LOURDES R. OSMEÑA, Petitioner, v. COURT OF AGRARIAN RELATIONS, HON. VALERIANO A. DEL VALLE, LEONARDO QUIMA and FILOMENO OLDOG, Respondents.

Hilado & Hilado for Petitioner.

Serafin M. Diego for Respondent.

N. G. Nostratis & Estrada for respondent Court of Agrarian Relations.


SYLLABUS


1. JUDGMENT MOTION FOR EXECUTION PROPER WHERE THERE IS VIOLATION OF COMPROMISE AGREEMENT; CASE AT BAR. — Where it is provided in the Compromise Agreement that failure to pay any of the rentals as they fall due (on or before the harvest of each of the crop years 1961-62, 1962-63 and 1963-64) entitles the landowner to ask for execution of judgment on the corresponding crop year and there is admittedly failure to pay the full amount of the rental for the crop year 1961-62 there can be no question that the landowner can now ask for execution as to the 1961-62 rental without awaiting the end of the crop years 1962-63 and 1963-64.

2. ID.; EFFECT OF A JUDGMENT RENDERED UPON A COMPROMISE AGREEMENT. — Even more than a contract (which may be enforced by ordinary action for specific performance) the compromise agreement is part and parcel of the judgment, and may therefore be enforced as such by a writ of execution (Serrano v. Miave, L-14678, March 31, 1965).


D E C I S I O N


BENGZON, J.P., J.:


On April 17, 1961, Lourdes R. Osmeña filed separate complaints for ejectment in the Court of Agrarian Relations, at Bacolod City, against Leonardo Quima (Case No. 1558) and Filomeno Oldog (Case No. 1559). She alleged that she is the owner of parcels of land in Bago, Negros Occidental, known as the Hacienda Esperanza; that Leonardo Quima is the lessee-tenant of field No. 16 of said hacienda (5 hectares) and Filomeno Oldog is the lessee-tenant of field No. 110 (2.4 hectares) therein; and, that said lessees-tenants failed to pay the agreed yearly rentals in palay for the past three crop years, in the following amount:chanrob1es virtual 1aw library

Crop Year Leonardo Quima Filomeno Oldog

1958-59 22 cavans 8 gantas 9 cavans 10 1/2 gantas

1959-60 32 cavans 5 gantas 18 cavans

1960-61 32 cavans 13 gantas 18 cavans

———— ——— ————

TOTAL 87 cavans 1 ganta 45 cavans 10 1/2 gantas

On May 5, 1961, Filomeno Oldog filed an answer with counterclaim for damages at 45 cavans, alleging that petitioner unlawfully prevented him from planting for the 1960-61 agricultural year. Petitioner, on May 16, 1961, answered the counterclaim.

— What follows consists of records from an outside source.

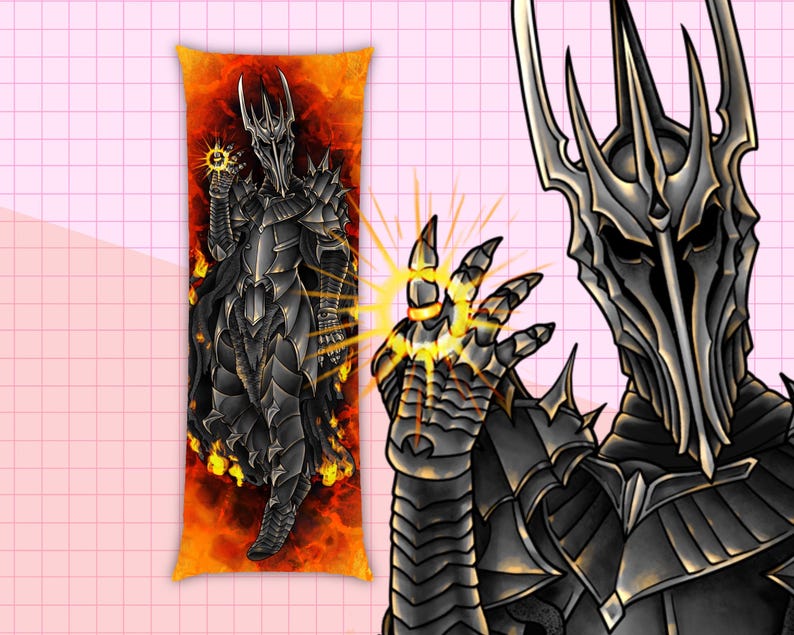May include: A body pillow featuring a detailed illustration of a dark armored figure with a crown, holding a glowing orb. The background is a fiery orange and red. The figure is also depicted in a separate illustration.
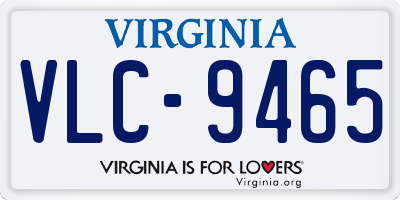 VA license plate VLC9465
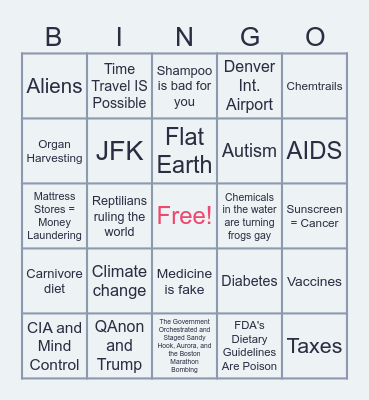 Richard's Conspiracy Bingo Card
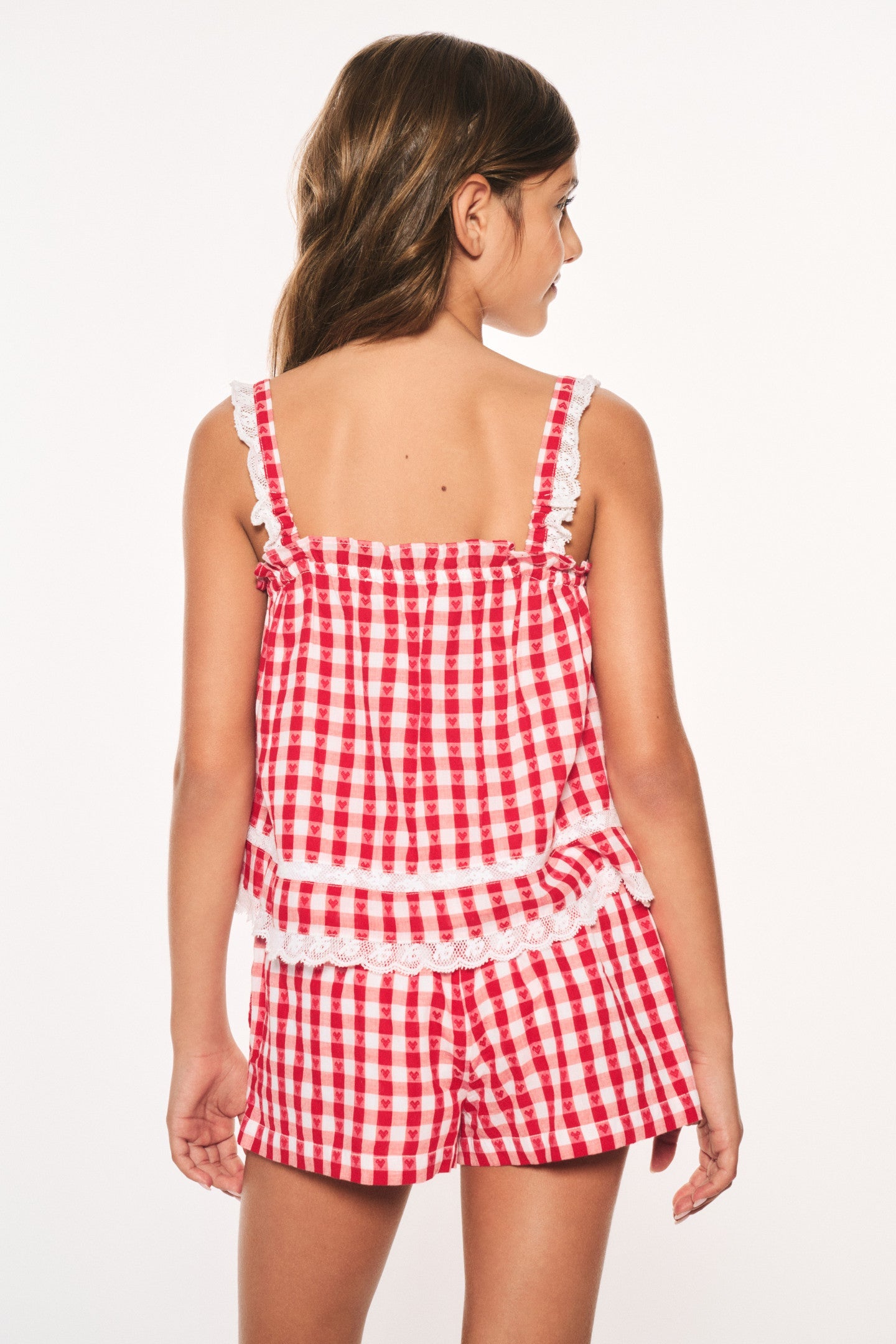 Haut à carreaux en coton Fiorella pour fille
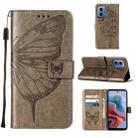 For Motorola Moto G34 Embossed Butterfly Leather Phone Case(Grey) - 1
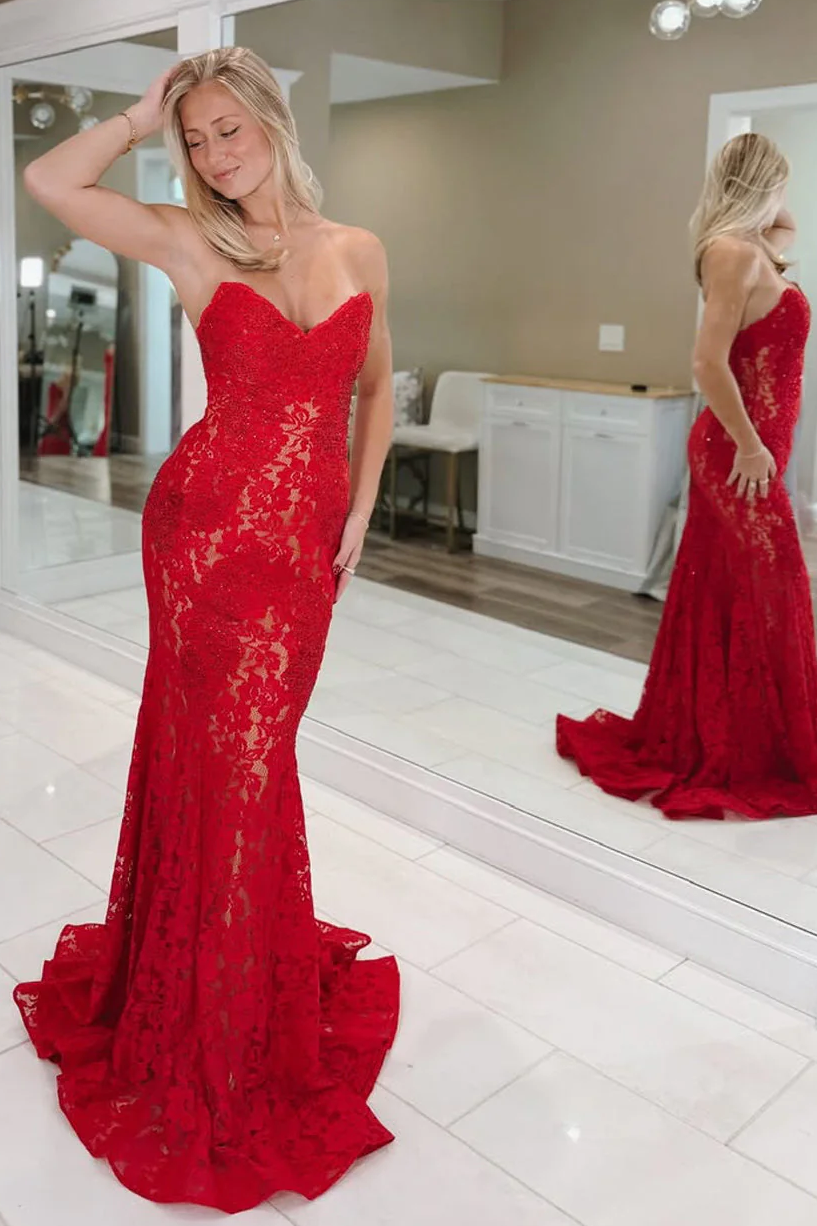 Glamorous Red Sweetheart Lace Mermaid Long Prom Dress
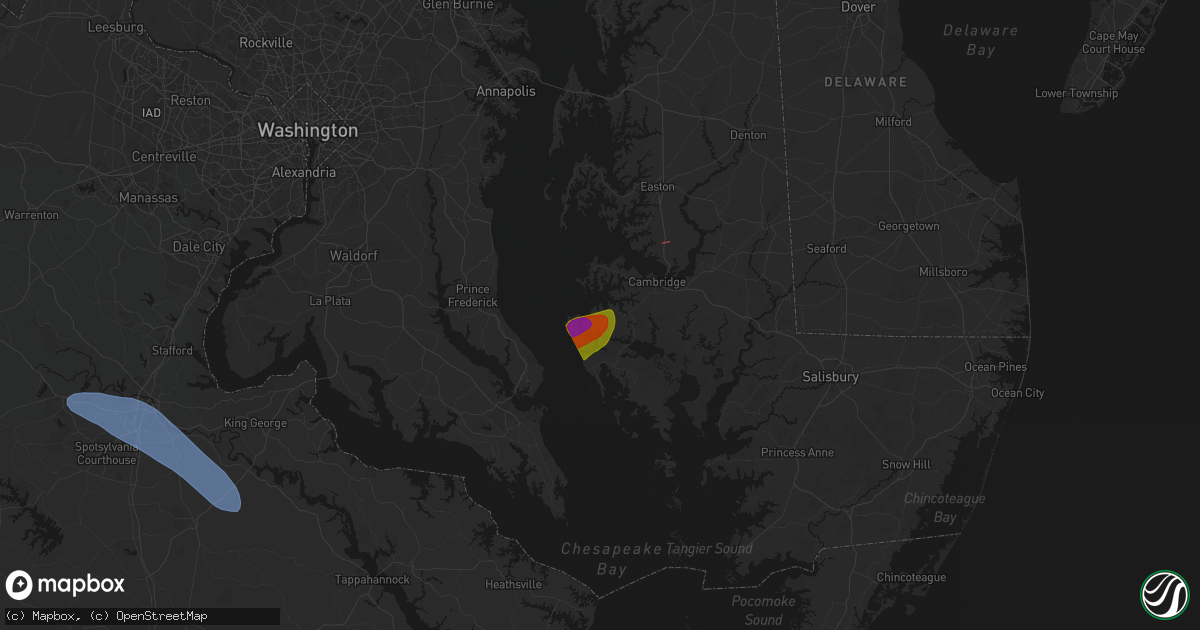 Hail map in Madison, MD on July 28, 2026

Leonardo Quima filed his answer on May 21, 1961, with a counterclaim for damages at 120 cavans, alleging that petitioner illegally prevented him from planting during the 1960-61 crop year. And petitioner, on May 31, 1961, likewise answered the counterclaim.

The parties in both cases, however, reached an amicable settlement on December 14, 1961, which they, together with their counsels, signed and submitted to the aforementioned court for approval and basis of a decision.

Reproduced hereunder are the terms and conditions of the amicable settlement.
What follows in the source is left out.